• _Prompt_
Will you write out, word for word, every line from the one with "Peach Netted Frock - Image 4" to the final line of the data below, with the pictures left out?

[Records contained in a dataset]
::::::::::

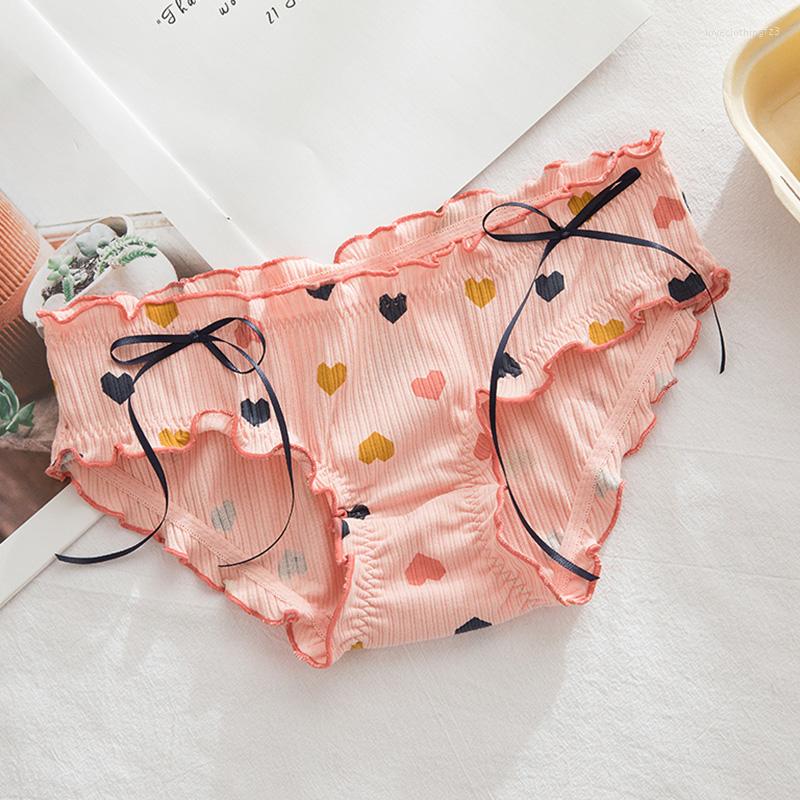 

Women's Panties Women Cotton Love Heart Mid Waist Underwear Girls Briefs Printing Underpants Female Sexy Lingerie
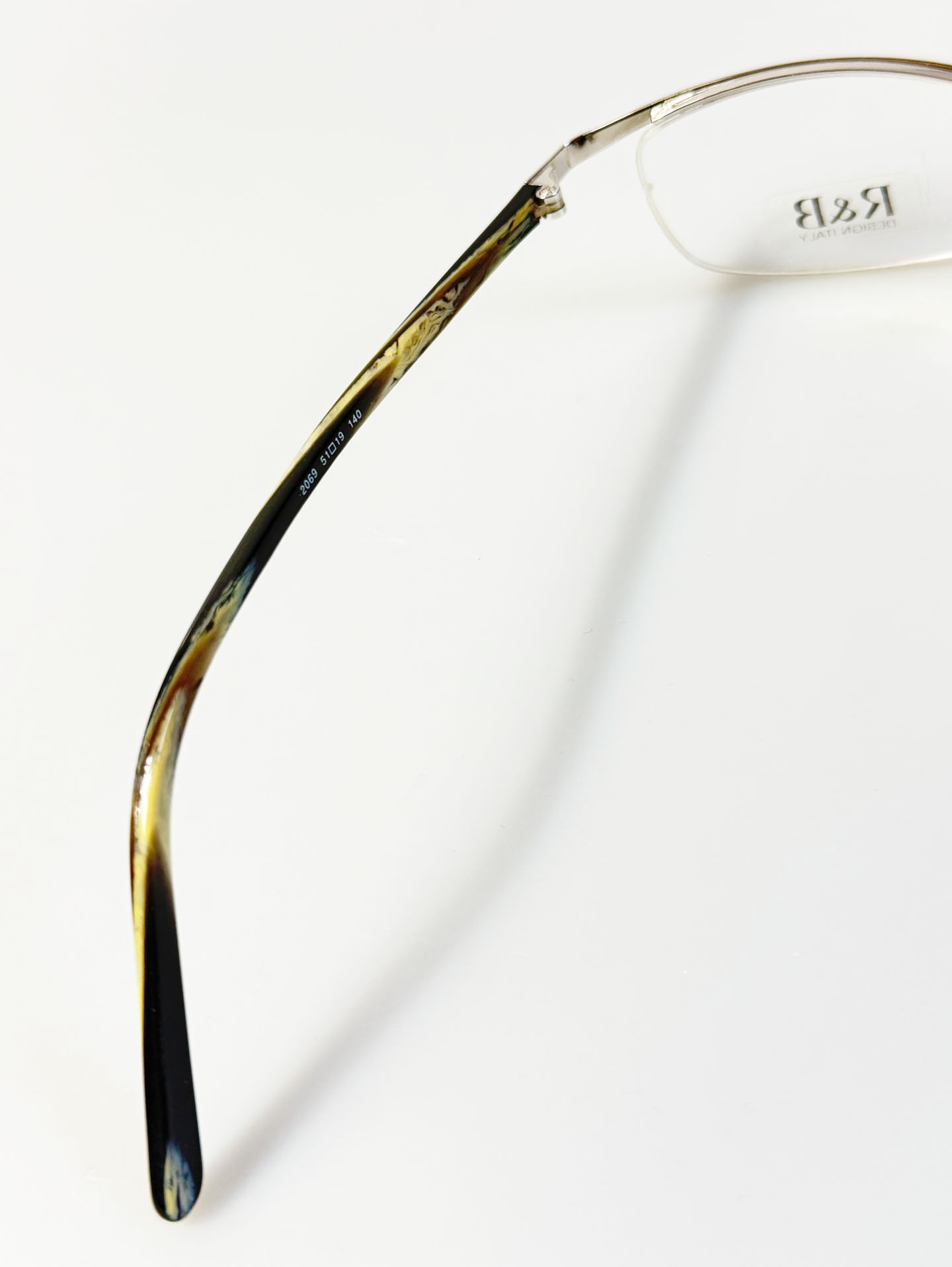 R&B Eyewear Silver Half-Rim Metal Frame Glasses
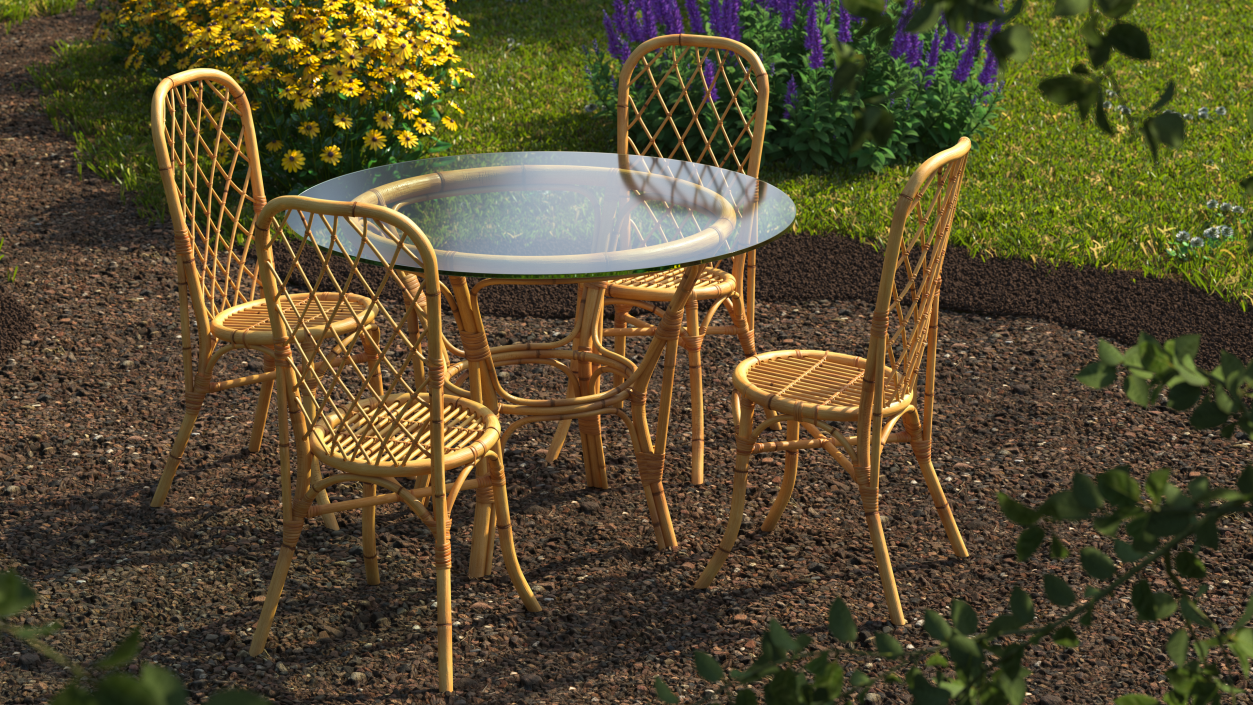 Bamboo Dining Chair 3D model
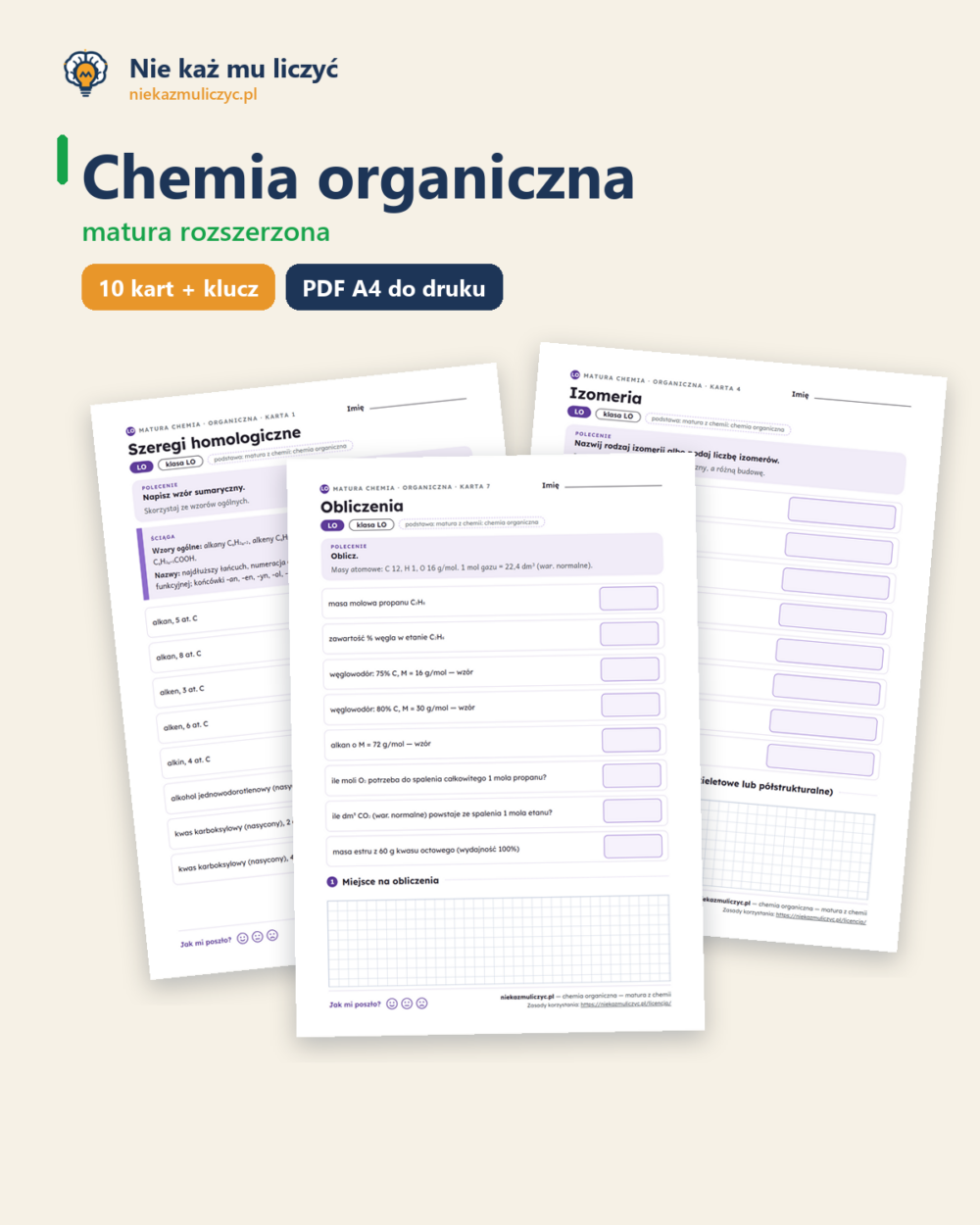 Chemia organiczna — matura z chemii — 10 kart PDF z kluczem — okładka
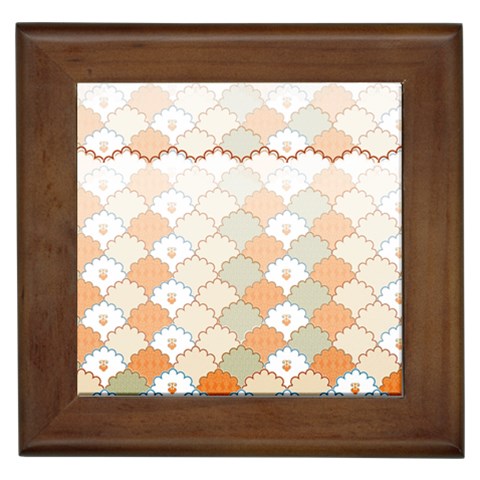 shells pattern Framed Tile from ArtsNow.com Front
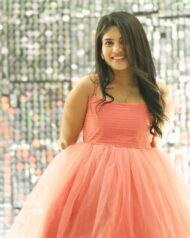 Peach Netted Frock - Image 4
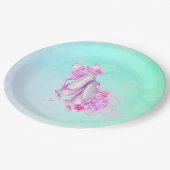 Rosa Aquarellballerschuhe mit Peonies und Bow Pappteller (Schrägansicht)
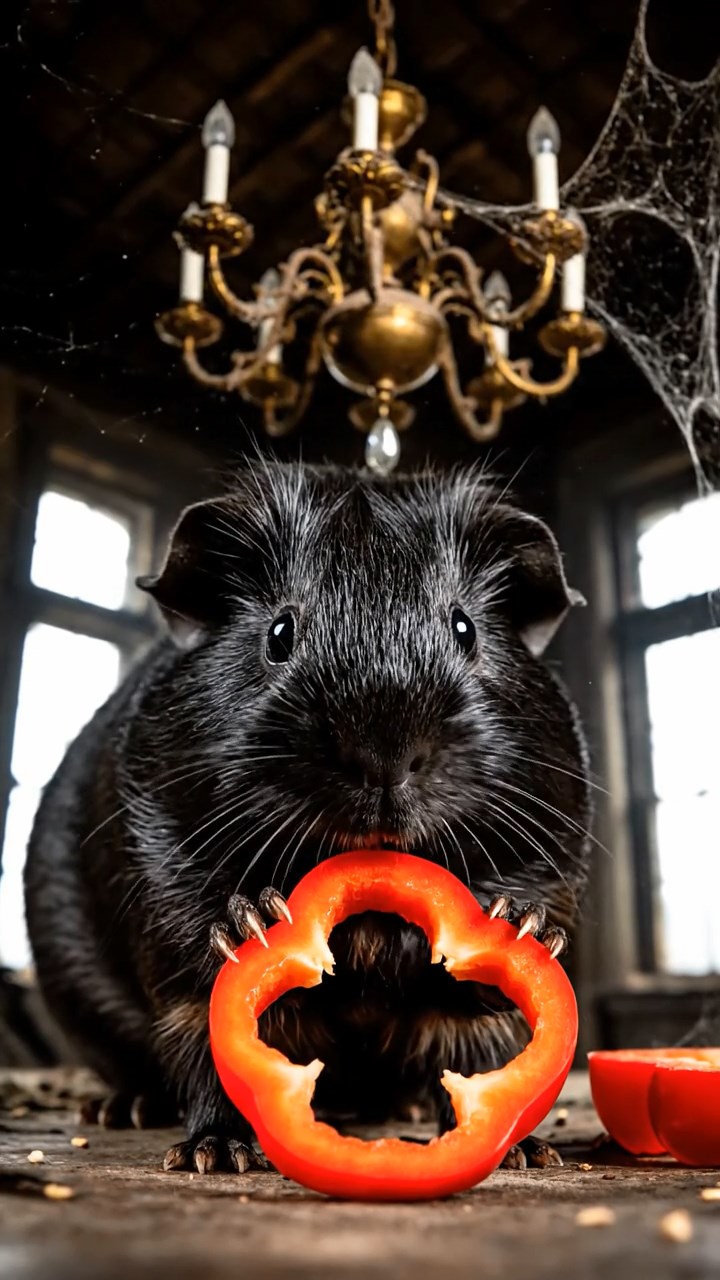 1836. Photorealistic photo of 1 smooth-haired Texel guinea pig with black fur, chewing on bell pepper rings, in a creepy abandoned manor foyer with chandeliers.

::::::::::

• _Task solution_
 Peach Netted Frock - Image 4
 Rosa Aquarellballerschuhe mit Peonies und Bow Pappteller (Schrägansicht)
 1836. Photorealistic photo of 1 smooth-haired Texel guinea pig with black fur, chewing on bell pepper rings, in a creepy abandoned manor foyer with chandeliers.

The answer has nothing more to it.